Problem statement:
Could you write out exactly, and only, the lines from the one containing "Nowoczesny zegar ścienny" through the last line of the data, leaving out all pictures?

Source material:
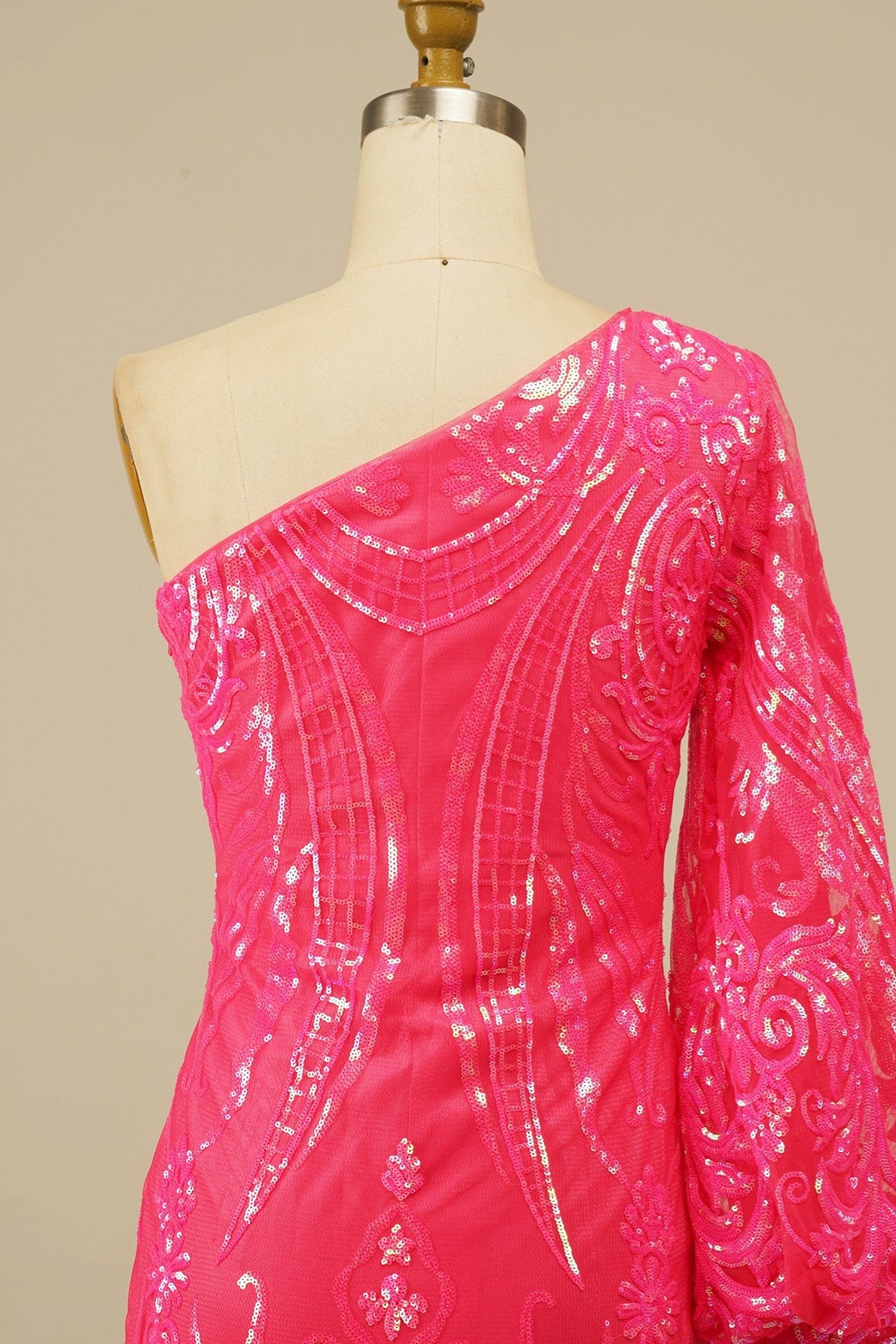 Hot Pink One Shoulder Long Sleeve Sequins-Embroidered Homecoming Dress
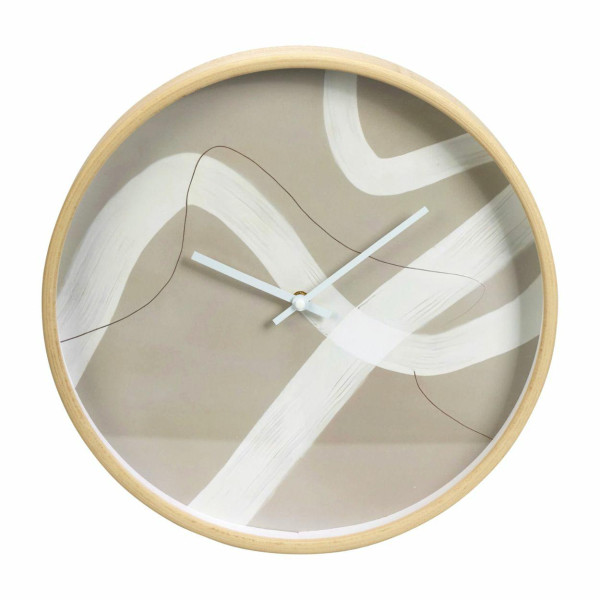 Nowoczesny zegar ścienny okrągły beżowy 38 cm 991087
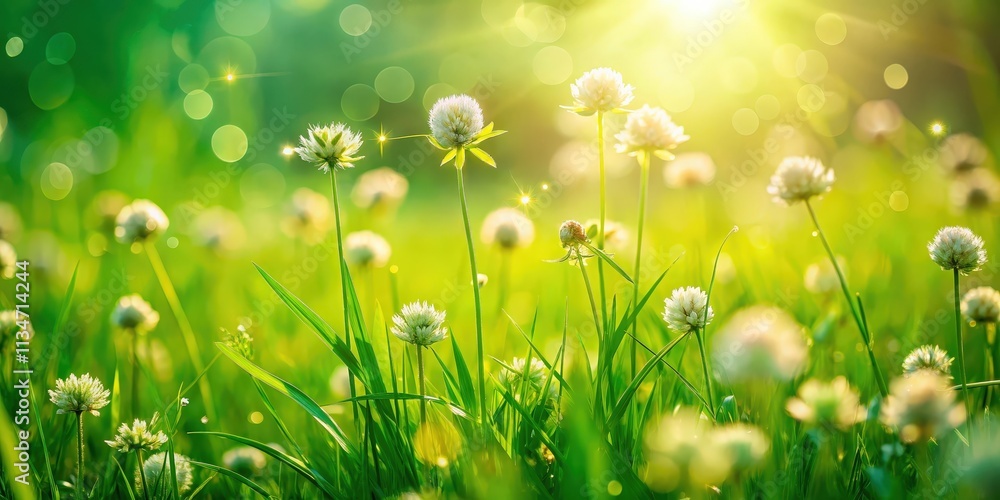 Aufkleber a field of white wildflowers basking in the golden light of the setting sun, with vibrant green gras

Written answer:
 Nowoczesny zegar ścienny okrągły beżowy 38 cm 991087
 Aufkleber a field of white wildflowers basking in the golden light of the setting sun, with vibrant green gras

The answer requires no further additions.